You are performing a TLS audit and run nmap --script ssl-enum-ciphers -p 443 target.com. The output includes the following cipher suites marked as grade C:

TLS_RSA_WITH_AES_256_CBC_SHA
TLS_RSA_WITH_3DES_EDE_CBC_SHA
TLS_ECDHE_RSA_WITH_RC4_128_SHA

For each cipher suite, identify the specific weakness and explain the attack it enables.

Reveal Answer & Explanation

Answer: Each suite has a distinct cryptographic weakness.

Explanation:

Suite 1: TLS_RSA_WITH_AES_256_CBC_SHA

Weakness: No forward secrecy (static RSA key exchange) + CBC mode (padding oracle vulnerability)

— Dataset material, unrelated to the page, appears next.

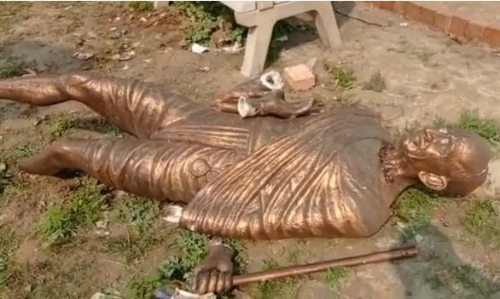 ചമ്പാരൻ സത്യഗ്രഹ സമരഭൂമിക്ക് സമീപമുള്ള ഗാന്ധിപ്രതിമ തകർത്ത നിലയിൽ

• TLS_RSA_ prefix means the key exchange uses the server's static RSA key directly. If the server's RSA private key is ever compromised (breach, subpoena, leaked backup), every past session recorded can be decrypted.
• CBC mode without authenticated encryption is vulnerable to BEAST (TLS 1.0) and padding oracle attacks (POODLE variant). If the TLS implementation doesn't verify padding in constant time, an attacker can decrypt individual bytes.

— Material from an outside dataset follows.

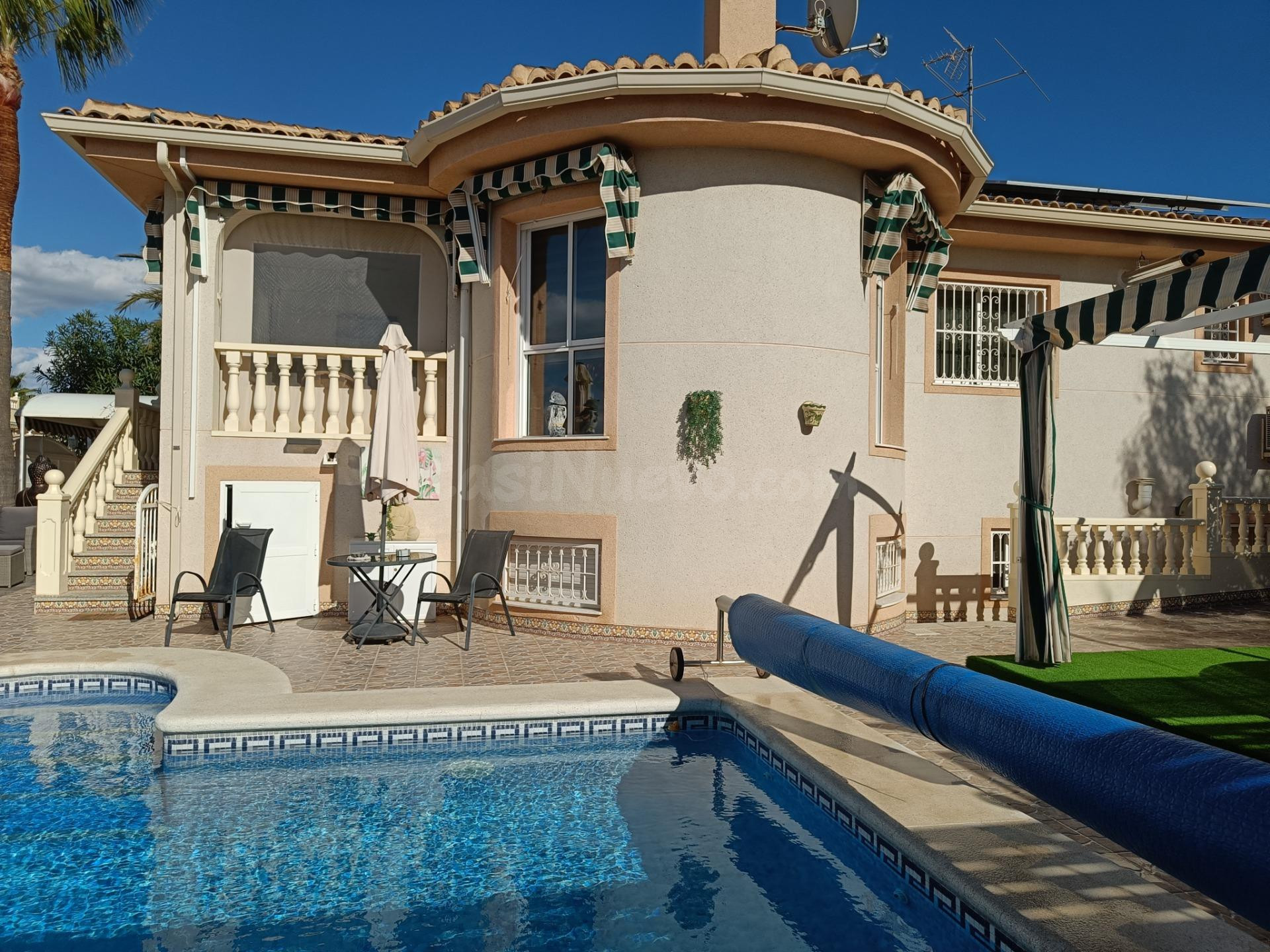 Chalet 5 habitaciones 190m² en venta - Residencial benimar - foto 3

Suite 2: TLS_RSA_WITH_3DES_EDE_CBC_SHA

Weakness: 3DES is deprecated (Sweet32 attack) + no forward secrecy

• 3DES has a 64-bit block size. In CBC mode, after ~2^32 blocks (~32GB of data), birthday-bound collisions in block values occur. The Sweet32 attack (CVE-2016-2183) exploits these collisions to recover plaintext practical against long-lived sessions (HTTPS with keep-alive, VPN).
• 3DES effective security is only 112-bit due to meet-in-the-middle attacks on the three-key variant.
• NIST deprecated 3DES in 2017.

Suite 3: TLS_ECDHE_RSA_WITH_RC4_128_SHA

Weakness: RC4 is broken multiple plaintext recovery attacks

• RC4 has statistical biases in its keystream. Attacks like RC4 NOMORE (2015) recover cookies in HTTP in under 75 hours with ~2^26 sessions.
• The initial bytes of the RC4 keystream are heavily biased known-plaintext attacks (cookie values at known offsets) enable recovery.
• Note: ECDHE_RSA_ prefix means this suite does have forward secrecy but RC4 makes the encryption itself insecure regardless.
• RFC 7465 (2015) prohibits RC4 in TLS.

Correct suites (TLS 1.2):

# Only these cipher suites should remain enabled for TLS 1.2:
ECDHE-ECDSA-AES256-GCM-SHA384
ECDHE-RSA-AES256-GCM-SHA384
ECDHE-ECDSA-CHACHA20-POLY1305
ECDHE-RSA-CHACHA20-POLY1305
ECDHE-ECDSA-AES128-GCM-SHA256
ECDHE-RSA-AES128-GCM-SHA256

# Requirements: ECDHE (forward secrecy) + GCM or POLY1305 (AEAD, no padding oracle)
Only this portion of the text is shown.